ISEs and the ISE function will be required to explain our contribution in terms of the profit ratio. It won’t be enough to say that we improved the efficiency of a process or work cell. We will have to demonstrate how our actions lead to filling the treasure chest.

The seventh variable that Collins and Porras (1994) identified was ‘‘evidence of self- improvement.’’ Time is the most critical resource in the knowledge-based organization. People at all levels spend their time doing four things: they Administer the business, that is, do jobs (‘‘A’’ work); they Build the business, that is, improve performance and fix systems or processes (‘‘B’’ work); they Cater to crises, that is, fight fires, fix problems (‘‘C’’ work); and they Do the dumb, that is, non- value-adding things (‘‘D’’ work). Figure 7 depicts how we spend our time.

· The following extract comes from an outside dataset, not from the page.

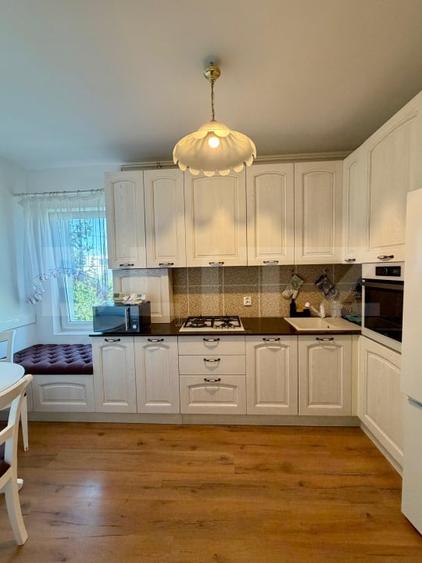 Apartament cu 3 camere decomandat, mobilat în Zorilor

Organizations that intend to achieve full potential will spend more time on B work. They will establish improvement cycles such as the Deming and Shewhart Plan-Do-Study-Act model. Rather than addressing ‘‘targets of opportunity,’’ ISEs will deploy improvement cycles that are thought through strategically, comprehensive in scope, and well integrated. Enterprise excellence models clearly indicate this. Systems thinking will be applied at the enterprise level. This has been the clear migratory path for the past 30 years, and it will continue to be. Our profession’s value proposition will focus on the special knowledge and skills the ISE brings to the quest for full potential.

In the more traditional model, ISE work is often detached from the work of transformation. ISE improvement efforts tend to be done outside the context of the enterprise improvement cycle, so they lack a clear causal connection to organizational business results (e.g., filling the treasure chest).

So the big implication for ISEs in the next several decades is that they must think enterprise, think total systems, and be connected to the enterprise improvement cycle. ISEs cannot afford to (sub)optimize targeted subsystems at the expense of the larger system, and they cannot afford to be isolated from the large-scale transformation work that characterizes the full potential organization. We might go a bit further and suggest that increasingly ISEs are going to be challenged to prescribe migration paths that move an organizational system toward full potential at a faster rate.